Comme il ne le sait pas lui-même –il va falloir, me dit-il, qu’il me relise une troisième fois–, il m’amène ailleurs, et cet ailleurs me plonge dans une grande perplexité.
– Les avez-vous fini, les Trois mousquetaires de Dumas ?
– Non. Il me reste une centaine de pages, et à chaque fois que je désire m’y remettre pour le terminer, il se produit quelque chose qui m’en empêche.
– Ce serait quand même important d’écrire pourquoi vous ne l’avez pas fini. Ce peut être expliqué en une seule phrase.
– Je ne vois pas pourquoi c’est important, ce n’est même pas intéressant. Si je n’ai pas envie de préciser pourquoi une chose se produit d’une manière, ou ne se produit pas, ce ne serait pas naturel que je m’y attarde. J’écrirais sur commande, à ce moment-là, pour faire plaisir à mon éditeur, dis-je à la blague.
Mais l’éditeur ne blague pas, il est très sérieux.
– C’est important de savoir si vous avez lu le roman au complet, ça donne de l’épaisseur au personnage.
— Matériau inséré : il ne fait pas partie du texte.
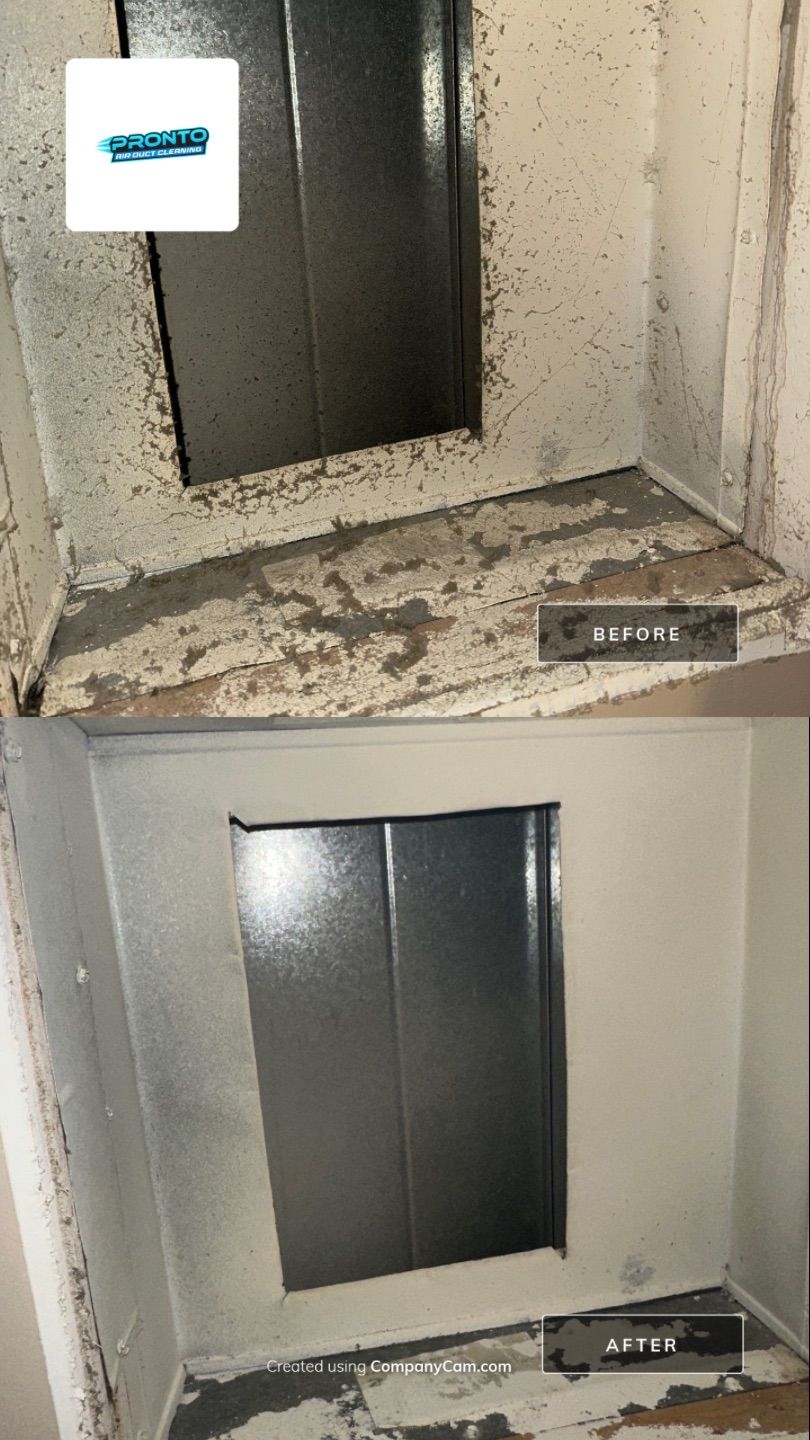 HVAC Duct Cleaning + Dryer Vent Clogged by Pronto Air Duct Cleaning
– Bien … l’épaisseur se constitue autrement, il me semble. D’ailleurs, il n’est pas exclu que je revienne sur Dumas dans des textes à venir ?
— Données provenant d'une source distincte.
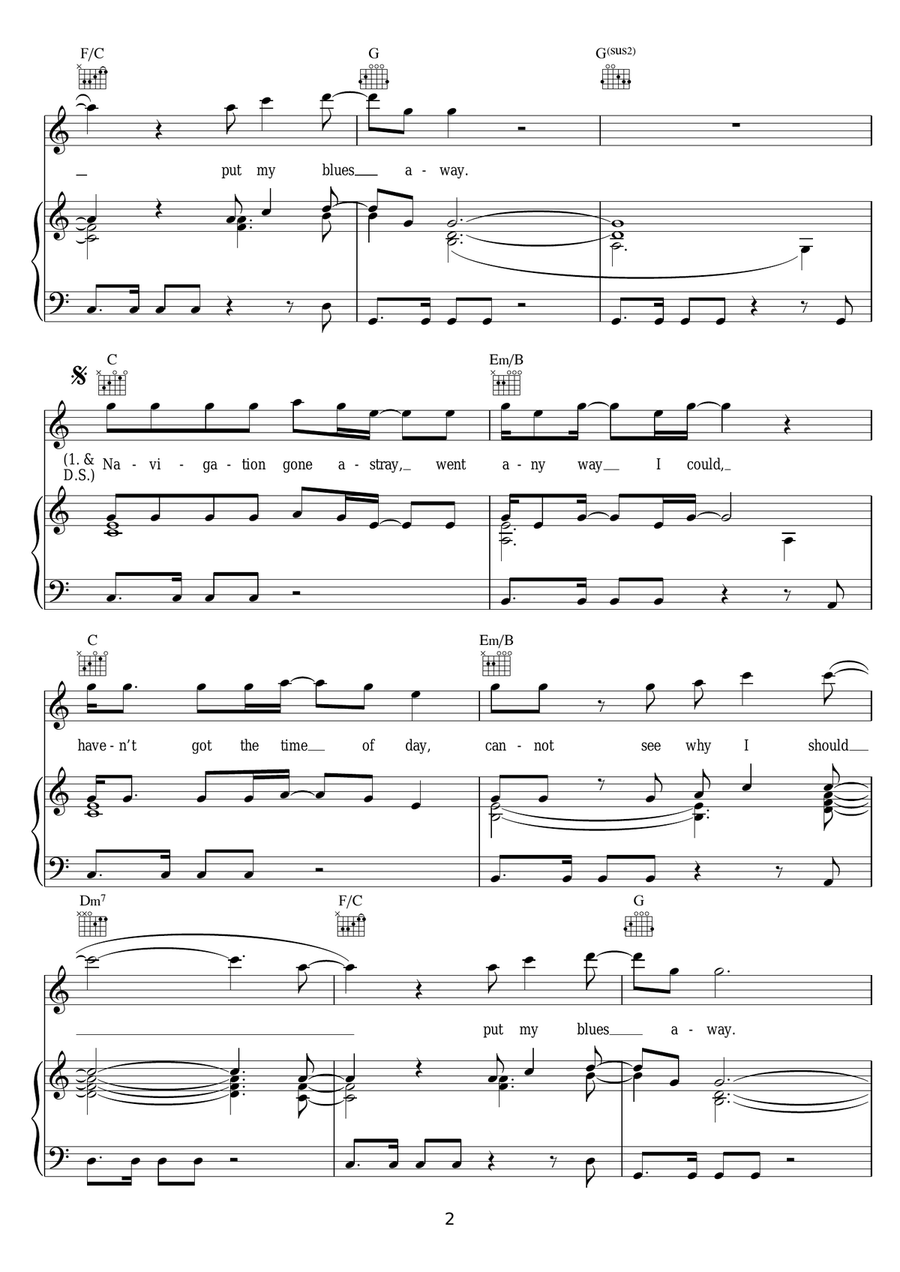 Blues Away Blues Away Piano, Vocal scores gallery preview page 2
– Et l’homme du site de rencontre que vous avez croisé en faisant votre épicerie, un Américain, je pense, en tout cas un anglophone, revient-il dans les textes que je n’ai pas encore lus ?
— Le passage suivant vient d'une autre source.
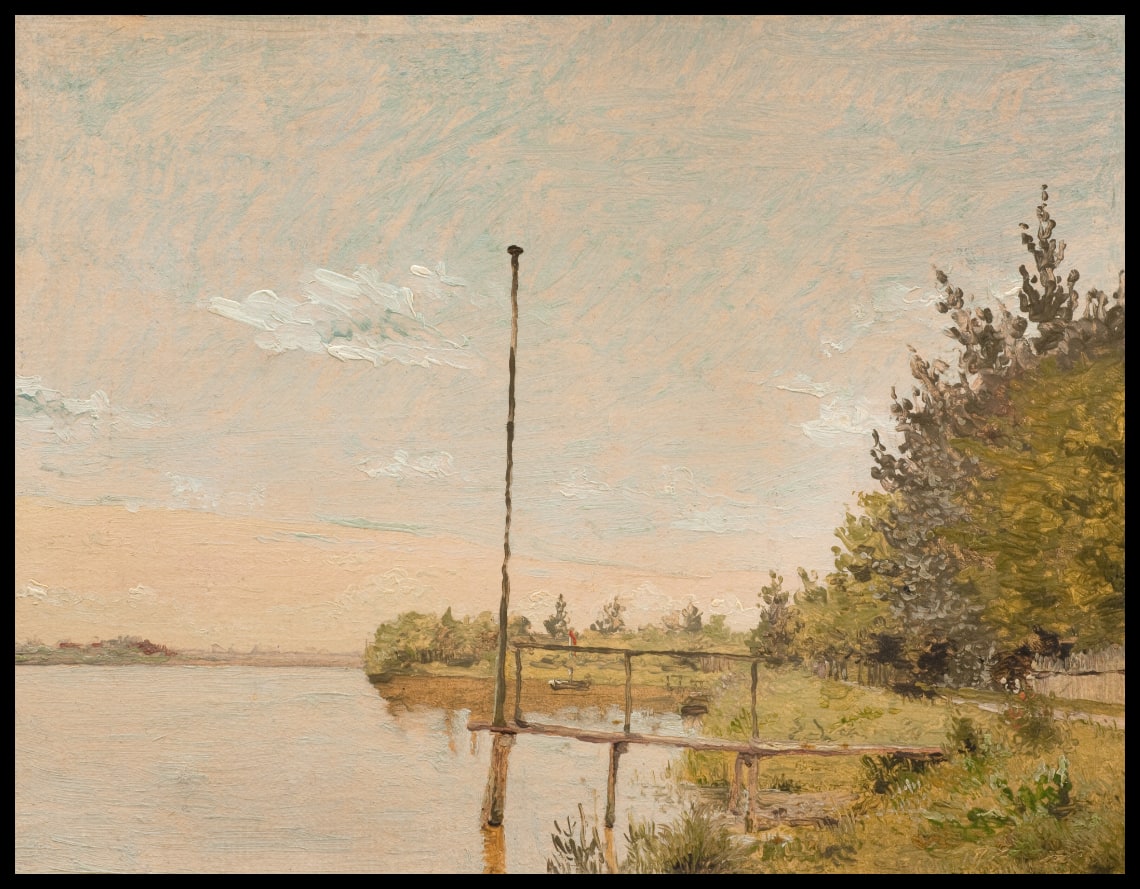 Vue de Dosseringen près du lac Sortedam, en direction de Nørrebro. Étude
– Ce serait difficile car tout ce passage est inventé. Je ne suis pas certaine d’avoir envie de développer ce personnage, il est trop loin de moi, de ma langue, de ma culture, de ma vie …
– Vous avez inventé le passage de l’Américain ?
– Bien oui, j’invente tout plein, j’invente au fur et à mesure. Je pars d’un événement réel et je le transforme, j’interprète, et parfois même le point de départ est inventé lui aussi.
L’éditeur a l’air complètement sonné. Il s’allume une cigarette.
– J’adore inventer. Vous pensez que je ne le devrais pas ?
– Mais ça semble tellement vrai !
– Tant mieux, c’est ce que je veux. Ça ne vous plaît pas ?
– Non, non, ce n’est pas ça.
– Bien alors qu’est-ce que c’est ?
– C’est formidable ! Et le passage de la voiture, vous savez, quand vous vous rendez compte que c’est un modèle pareil au vôtre ?
– Ça c’est vrai.
– Et la robe que vous avez portée à une fête de Noël, votre père vous a dit qu’elle vous allait bien ?
– Vrai.
– Portiez-vous la jupe par-dessus, finalement ?
– Non, rien que la robe, c’est pour ça que mon père a trouvé ça beau, avec une jupe par-dessus il aurait trouvé ça bizarre.
Mon éditeur me nomme une dizaine de passages de mon texte pour savoir si c’est vrai ou faux.
– Comment vous faites pour vous rappeler de tout ça ?, lui demandé-je, au bout d’un moment. Vous me nommez des choses que j’avais oubliées moi-même !
– Bien je l’ai dit, je vous ai lue, une première fois en gros, une deuxième fois attentivement. Cependant, si vous voulez que je vous publie, d’ailleurs je ne demande que ça, vous publier, il faut que je sois content de ce que je lis. En ce moment, je ne suis pas content tout le temps, je le suis partiellement. Vous sentez-vous capable d’essuyer un refus ?
– Pas tellement.
Et je me suis mise à brailler, en pleine terrasse.